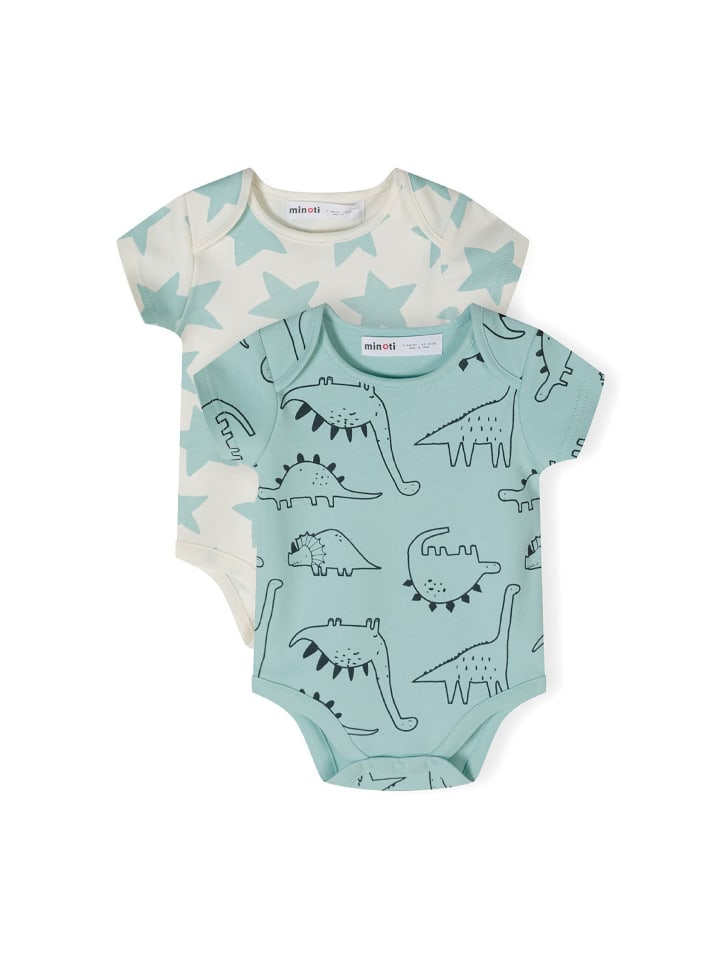 Minoti 2er. Set: Kurzarmbody 24babypack18 in mint günstig kaufen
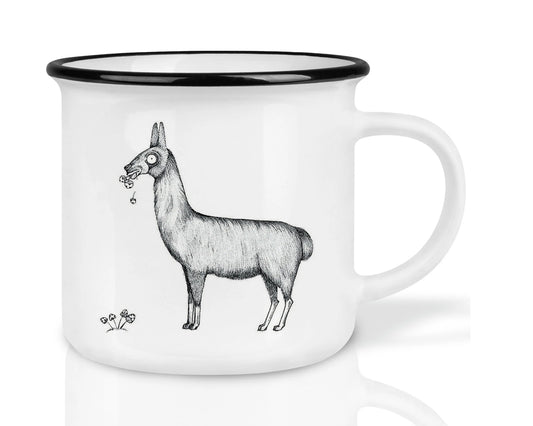 Taza de cerámica de alta calidad - Llama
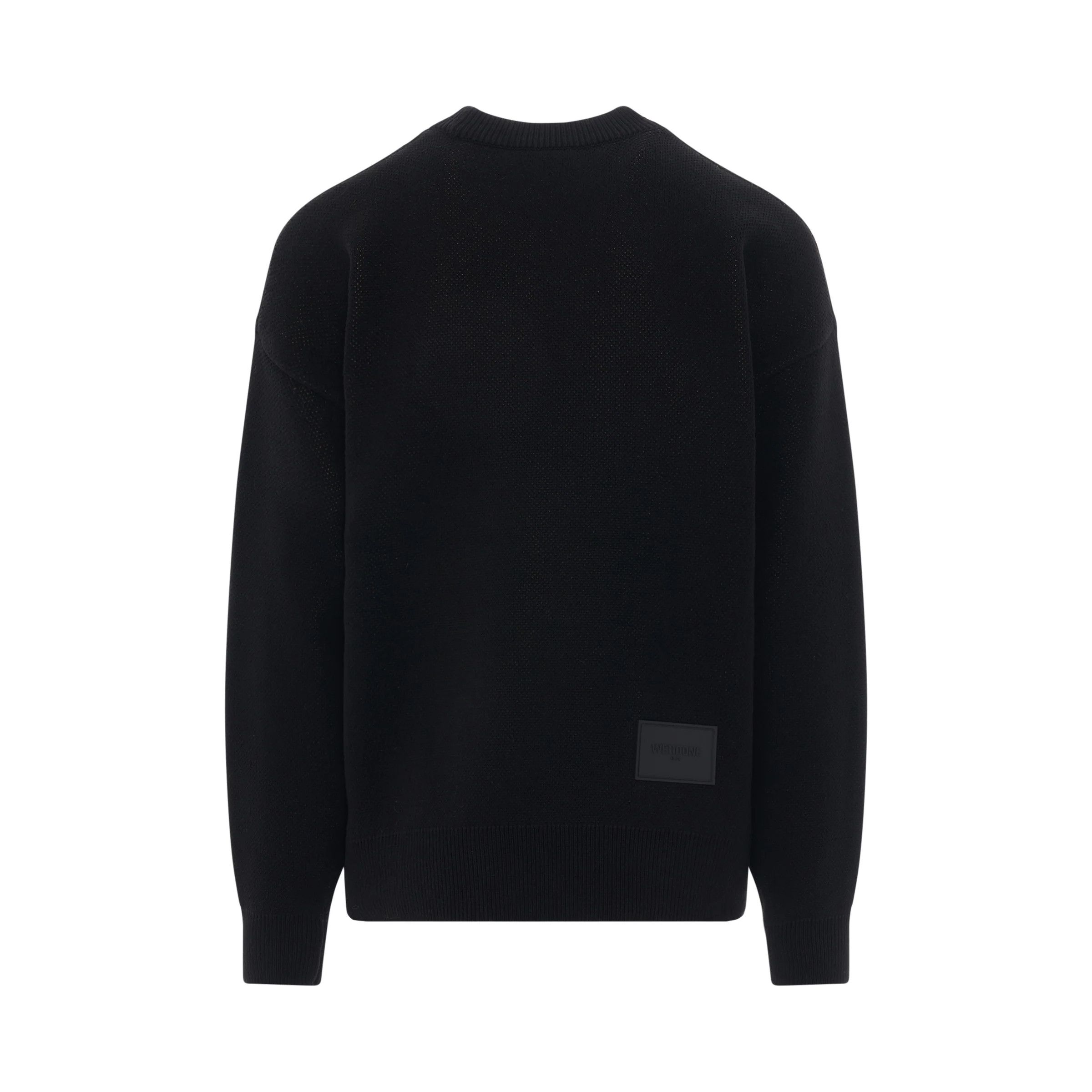 WE11DONE o1mris0824 Knit Pullover in Black Size US M / EU 48-50 / 2 - 4 Thumbnail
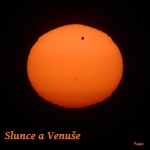 Přechod Venuše přes Slunce. Autor: Pavel Štys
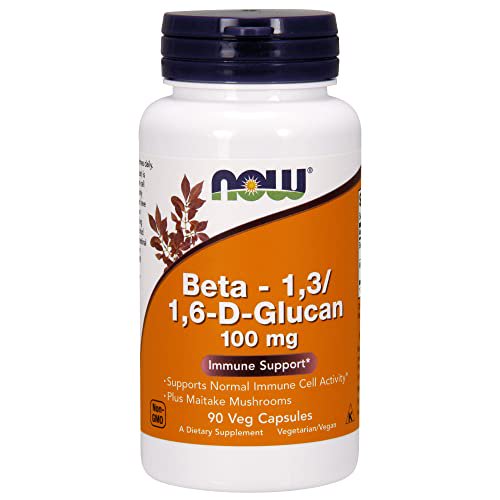 NOW Supplements, Beta 1,3/1,6 DGlucan 100 mg with Maitake Mushrooms, 90 Veg Capsules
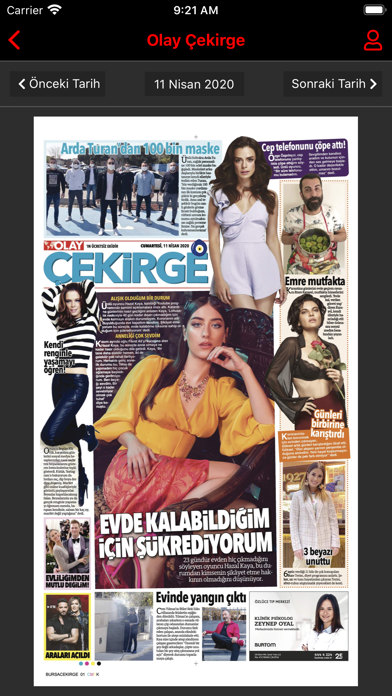 Olay E-Gazete Screenshot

* * * *

WHAT THE TASK ASKS:
Everything in the records above must be repeated exactly, apart from the pictures.

OUTPUT FOR THIS EXERCISE:
 Minoti 2er. Set: Kurzarmbody 24babypack18 in mint günstig kaufen
 Taza de cerámica de alta calidad - Llama
 WE11DONE o1mris0824 Knit Pullover in Black Size US M / EU 48-50 / 2 - 4 Thumbnail
 Přechod Venuše přes Slunce. Autor: Pavel Štys
 NOW Supplements, Beta 1,3/1,6 DGlucan 100 mg with Maitake Mushrooms, 90 Veg Capsules
 Olay E-Gazete Screenshot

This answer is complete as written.